§ **Your task**
All of the data below should be printed again exactly, pictures excluded.

§ **Data extract**

__________________________________________________

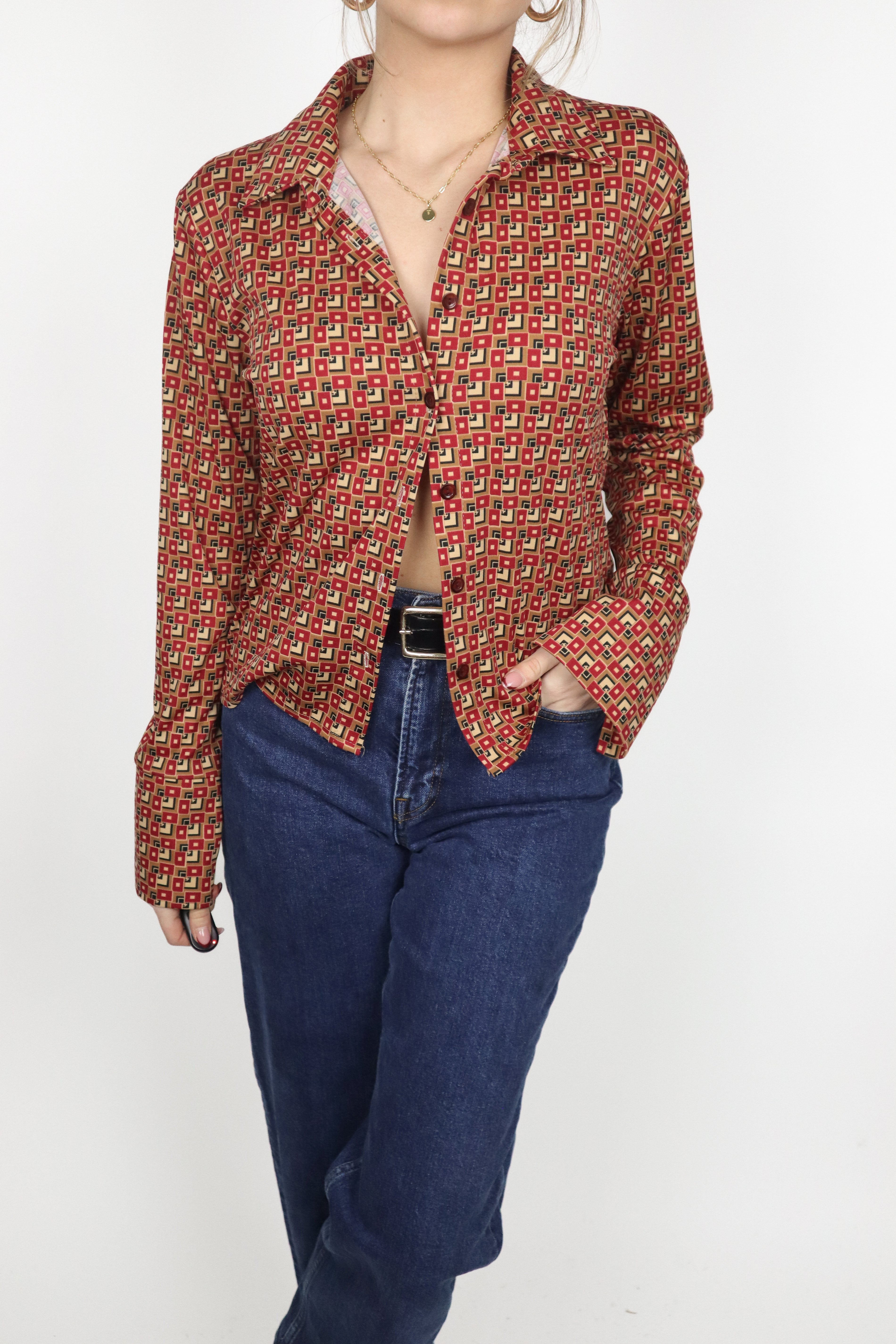 Made in Canada x Vintage x Geometric Button Up (S)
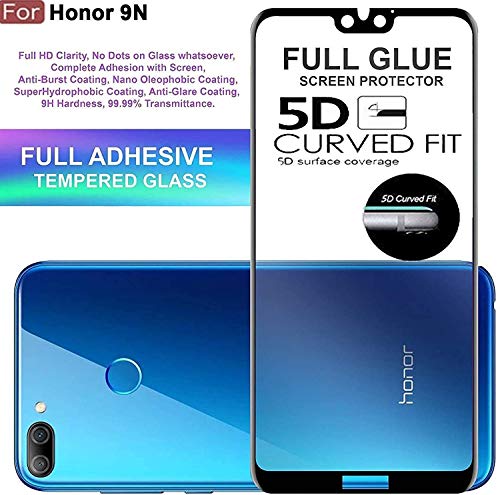 Image of Screen Protector for Huawei Honor 9N (Black) Tempered Glass Edge-to-Edge 6D Screen Guard With Installation Kit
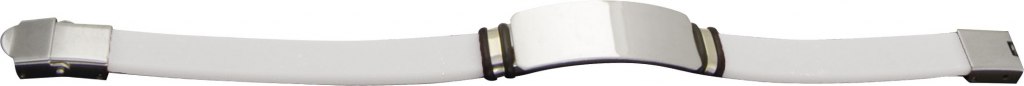 Bracciale Silicone Bianco E Acciaio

__________________________________________________

§ **Response to the task**
 Made in Canada x Vintage x Geometric Button Up (S)
 Image of Screen Protector for Huawei Honor 9N (Black) Tempered Glass Edge-to-Edge 6D Screen Guard With Installation Kit
 Bracciale Silicone Bianco E Acciaio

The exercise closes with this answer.